圓滿嚇得縮在聞瑾懷裏,宿主很生氣,它才不要去觸黴頭。
顧鹿溪心裏氣得火冒三丈,神色卻很冷淡,始終是那副波瀾不驚的恬淡模樣。穿越過來二十幾年,她早已把“高冷”兩個字刻在心裏,融在臉皮裏。“皇上不必認識她,她認識皇上便可。”
聞瑾抱著圓滿,很快胳膊酸了,她想換雲苓來抱,顧鹿溪餘光瞥見她們交接的動作,“本宮來抱著吧。”
圓滿往聞瑾懷裏又縮了縮。
顧鹿溪看見它這微小的動作,唇角愈發上揚。
聞瑾巧言熄火,“娘娘,圓滿長得胖,它自個兒許是清楚,不願累著娘娘。它可真是心疼娘娘呢!”
雲苓附和道:“奴婢之前還疑惑呢,瑤華宮這般大,它怎麽偏偏出現在娘娘的殿中?原來是它機靈呀。”
圓滿看看聞瑾,再轉動毛絨絨的腦袋看看雲苓,這倆宮女可真是會講話,怪不得能貼身伺候脾氣暴躁的宿主。

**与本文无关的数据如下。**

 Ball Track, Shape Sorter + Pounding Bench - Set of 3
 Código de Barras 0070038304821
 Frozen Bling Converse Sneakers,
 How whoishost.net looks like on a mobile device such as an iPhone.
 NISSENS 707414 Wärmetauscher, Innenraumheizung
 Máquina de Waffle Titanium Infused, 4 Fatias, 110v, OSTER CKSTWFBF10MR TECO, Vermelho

蕭盛霖虛虛攬住顧鹿溪的腰,眼皮微垂,貴妃太瘦弱了,小細腰一隻手臂都能環住,不知道她的一日三餐都吃到哪裏去了。“讓他們慢慢搜找。今夜月色很好,貴妃陪朕喝一杯?”
顧鹿溪沒拒絕,“好。”
她挑眉,吩咐道:“雲苓,去取酒來,再傳兩道素菜。”
雲苓接收到顧鹿溪的暗示,去小廚房取酒和菜肴,酒是後勁足的陳年老酒,用瓜棱腹杯盛的,這杯量,蕭盛霖一杯就倒。她擺好膳桌,請皇上和貴妃娘娘來坐。

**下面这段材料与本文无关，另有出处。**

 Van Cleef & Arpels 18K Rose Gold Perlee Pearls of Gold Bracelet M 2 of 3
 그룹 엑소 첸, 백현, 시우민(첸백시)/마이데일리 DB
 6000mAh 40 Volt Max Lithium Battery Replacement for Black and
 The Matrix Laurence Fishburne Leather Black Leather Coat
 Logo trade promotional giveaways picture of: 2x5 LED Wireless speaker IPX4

蕭盛霖讓奴才都離開,這裏隻有他與顧鹿溪,他仰頭灌下一杯酒,“貴妃,明日陪朕賞園聽戲。”
顧鹿溪坐在他對麵,看他瀟灑喝酒,不了解他的,還以為他喝酒多厲害呢。“皇上,臣妾的母親明日進宮。”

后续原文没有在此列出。